United States District Court, S.D. Texas, Houston Division
Jul 16, 2009
CIVIL ACTION NO. H-09-0580 (S.D. Tex. Jul. 16, 2009)

Opinion

CIVIL ACTION NO. H-09-0580.

July 16, 2009


MEMORANDUM AND ORDER


On April 30, 2009, this Court dismissed the civil rights complaint filed by state inmate Ralph O'Hara Douglas (TDCJ #1004998, former TDCJ #323876, former Harris County Jail #133338), as barred by the three-strikes rule found in 28 U.S.C. § 1915(g). In response, Douglas has paid the filing fee and he has filed a motion to reinstate this case. (Doc. #14). The Court grants the motion to reinstate and vacates the order of dismissal and final judgment entered on April 30, 2009 (Docs. # 9, # 10). After reviewing all of the pleadings and the applicable law as required by 28 U.S.C. § 1915A, the Court concludes that this case must be dismissed for other reasons that are explained in more detail below.

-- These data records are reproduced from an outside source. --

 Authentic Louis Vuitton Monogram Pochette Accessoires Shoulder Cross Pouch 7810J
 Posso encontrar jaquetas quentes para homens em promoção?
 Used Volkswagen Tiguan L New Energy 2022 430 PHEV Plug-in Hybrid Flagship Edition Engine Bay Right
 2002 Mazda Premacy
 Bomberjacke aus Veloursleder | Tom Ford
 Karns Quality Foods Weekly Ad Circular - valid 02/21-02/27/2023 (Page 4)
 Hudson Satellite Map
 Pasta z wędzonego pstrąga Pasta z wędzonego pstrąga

Under the three-strikes rule found in 28 U.S.C. § 1915(g), a prisoner is precluded from proceeding in forma pauperis with a civil rights action in federal court after more than three of his cases have been dismissed as frivolous, malicious, or for failure to state a claim. As Douglas concedes, he has at least three strikes for filing frivolous claims while in prison.

I. BACKGROUND

The complaint in this case concerns several felony convictions entered against Douglas in the 179th District Court of Harris County, Texas. Douglas discloses that he was convicted of theft and sentenced to serve two years in state jail in cause numbers 791339 and 791340. Douglas was also convicted of aggregate theft in cause number 850272. After finding that he had at least one prior felony conviction for theft, a jury sentenced Douglas to life imprisonment in that case. Court records show that these convictions were affirmed on direct appeal and that the Texas Court of Criminal Appeals denied discretionary review. See Douglas v. State, Nos. 14-99-00217-CR, 1499-00218-CR, 2000 WL 977393 (Tex.App.-Houston [14th Dist.] May 18, 2000, pet. ref'd); Douglas v. State, No. 14-00-1226-CR, 2002 WL 1988163 (Tex.App.-Houston [14th Dist.] Aug. 29, 2002, pet. ref'd). Douglas has also submitted unsuccessful applications for state and federal habeas corpus review, as well as petitions for a writ of mandamus, in an effort to obtain relief from these convictions.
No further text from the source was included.